■ HOW TO COMPLETE THIS TASK
At the line that holds "Vintage Cherries and", start repeating, and keep going exactly through the final line of the material; include both ends and skip the pictures.

■ RECORD EXTRACTS
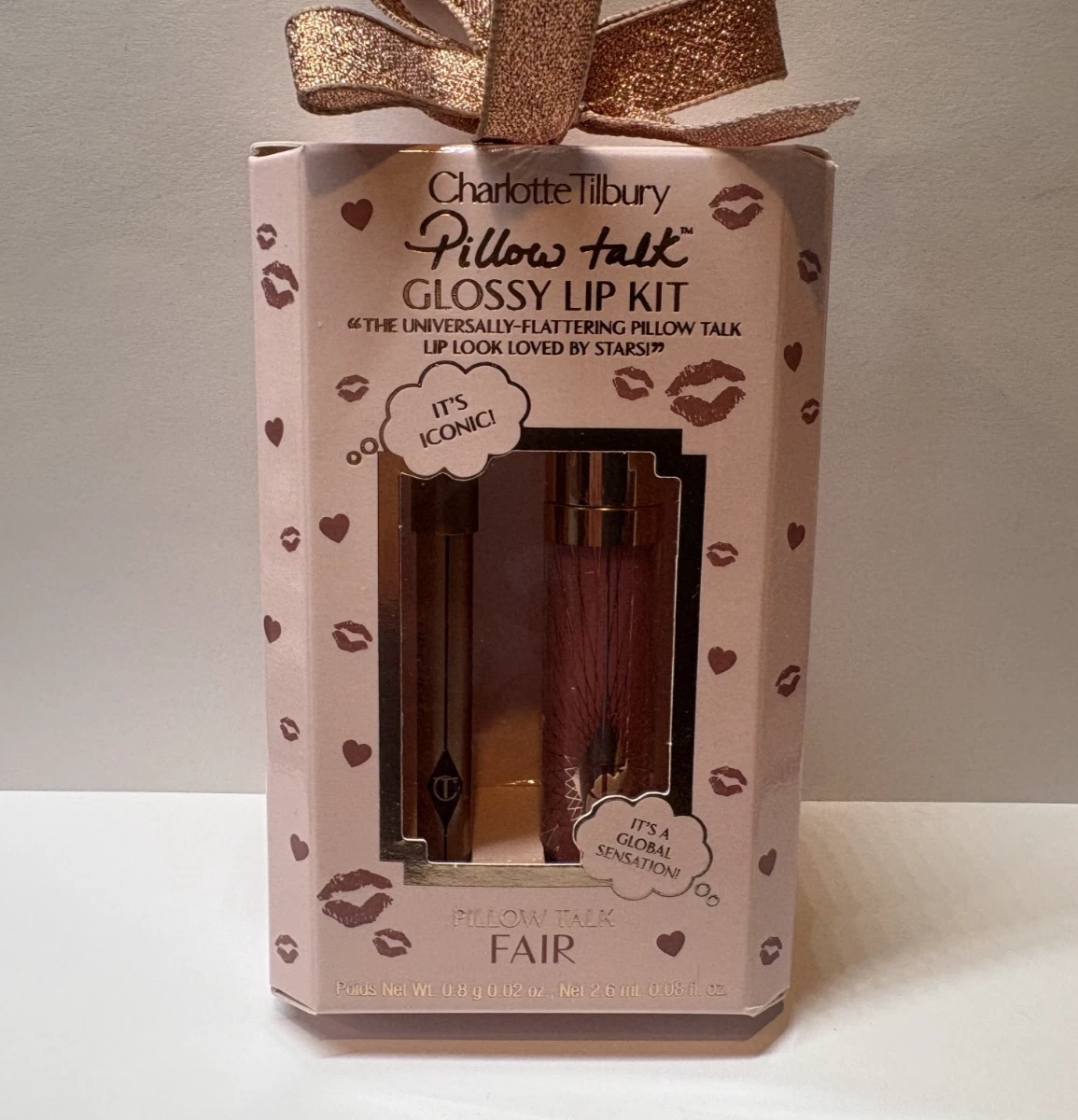 NIB Charlotte Tilbury Pillow Talk Glossy Lip Kit Iconic Color FAIR Liner + Gloss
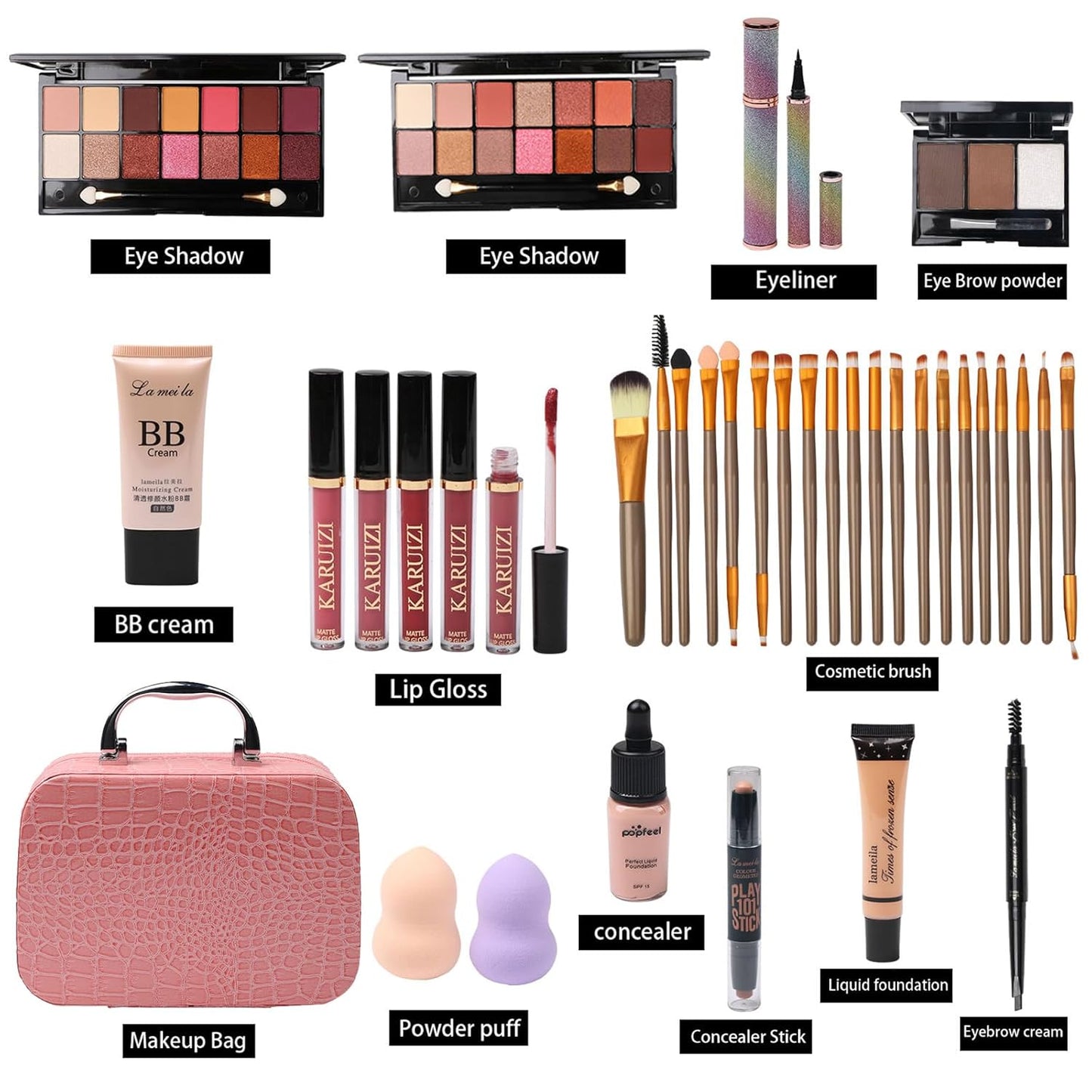 All in One Makeup Kit - 2X14 Eyeshadow Palette, Liquid Foundation, Eyeliner Pencils, Contouring Stick, 20pc Makeup Brushes (Pink)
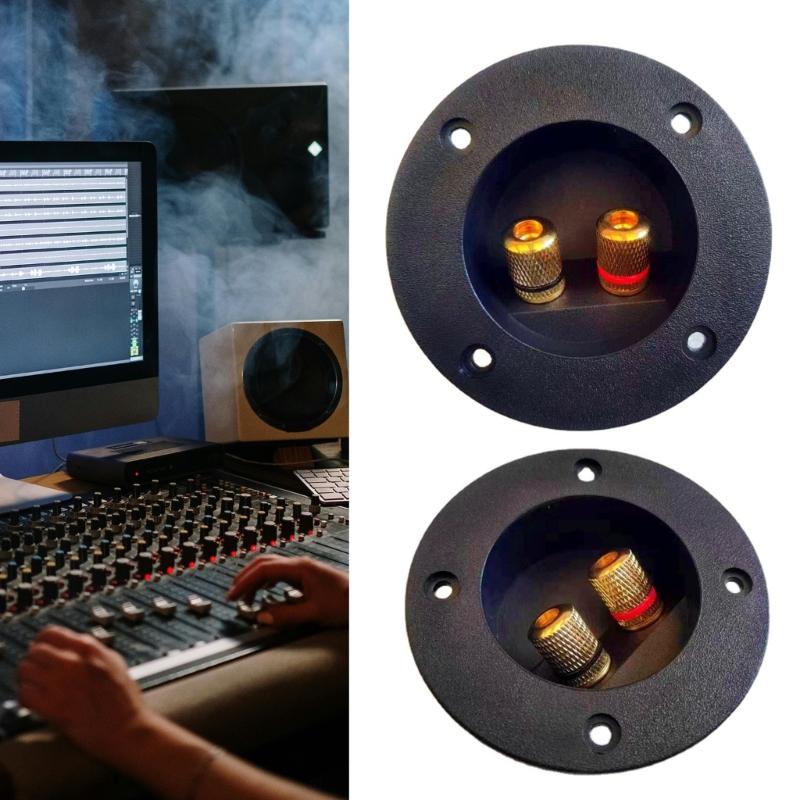 2 Way Speaker Box Clamp, DIY Home Car Stereoes Binding Post Round Spring Cup Connectors Speaker Junction Box Back Panel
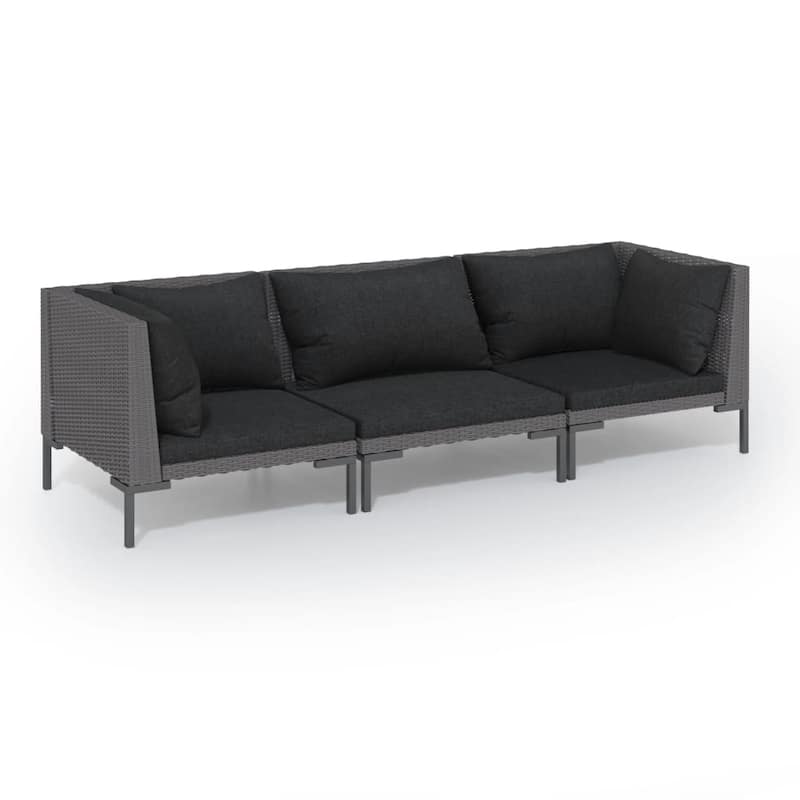 vidaXL Patio Lounge Set Outdoor Sectional Sofa Set Table Poly Rattan Dark Grey - 27.6" x 27.6" x 24"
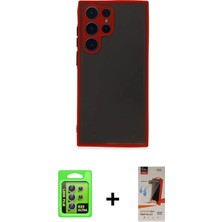 Toyigoo Ieg™ Galaxy S23 Ultra Kılıf Ahenk Çizgi Serisi - Siyah Autokit 5in1 Fiber Hayalet Cam Ekran Kor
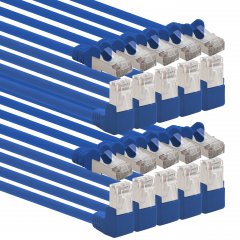 1aTTack 10x LAN Kabel 1m CAT6 S-FTP RJ45 Netzwerkkabel Patchkabel 90�-gerade blau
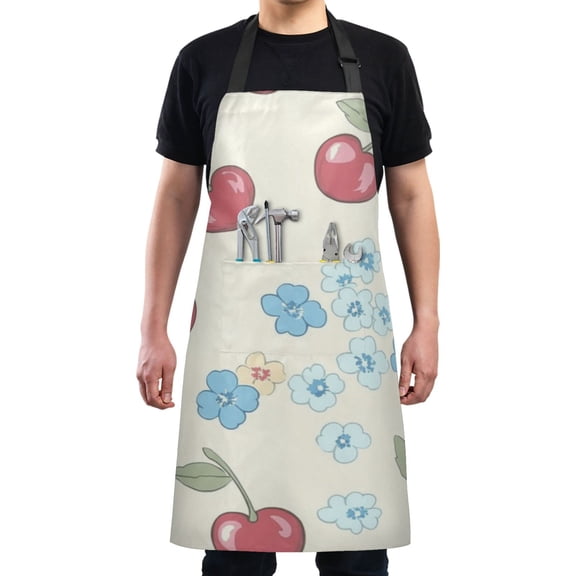 Vintage Cherries and Flowers Chef Kitchen Apron with Pockets for Women Waterproof Aprons for Cooking Baking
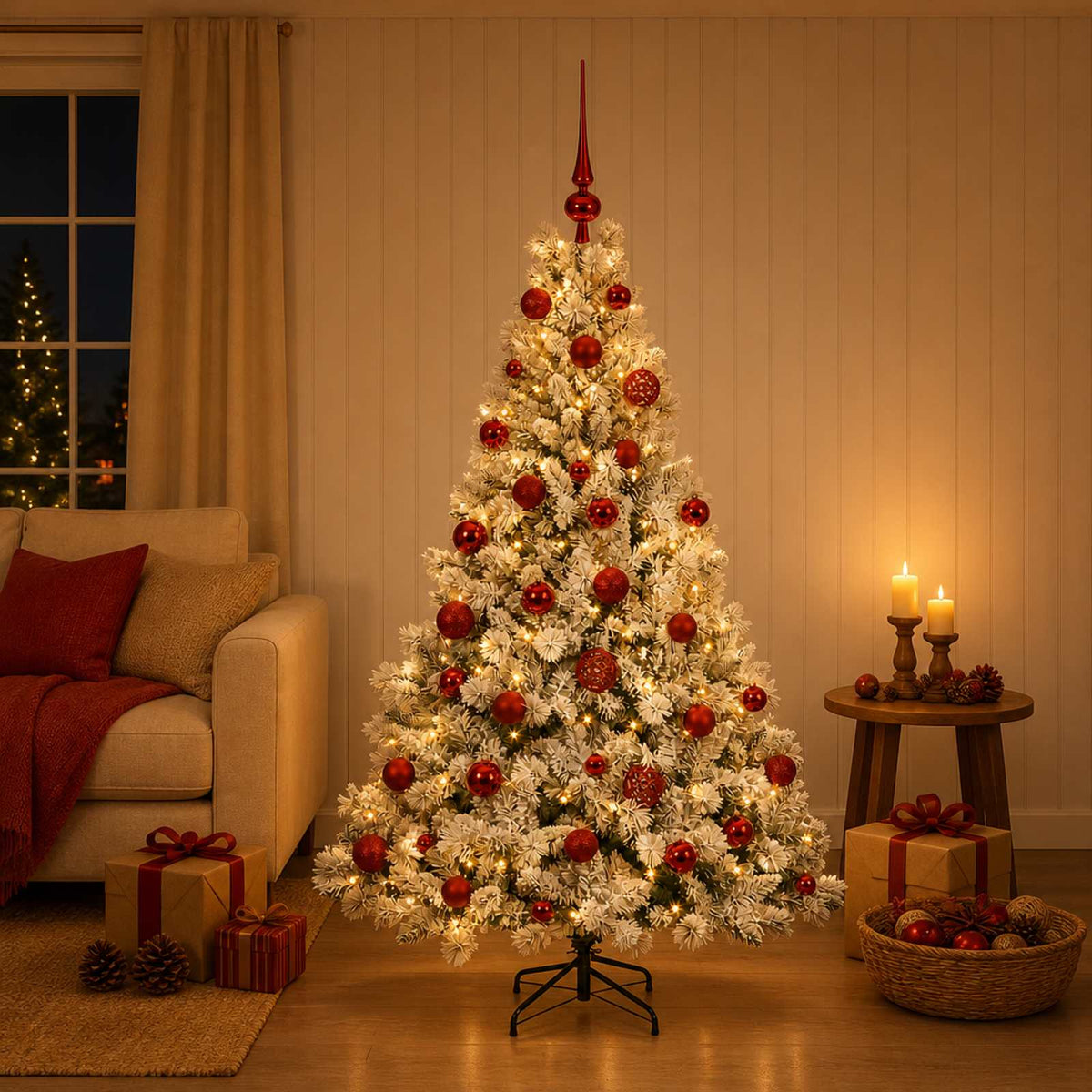 Kunstkerstboom met Ballen 150 cm 150 LED's Warmwit is nu te koop bij PeponiXL, paradijselijk wonen!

■ ANSWER
 Vintage Cherries and Flowers Chef Kitchen Apron with Pockets for Women Waterproof Aprons for Cooking Baking
 Kunstkerstboom met Ballen 150 cm 150 LED's Warmwit is nu te koop bij PeponiXL, paradijselijk wonen!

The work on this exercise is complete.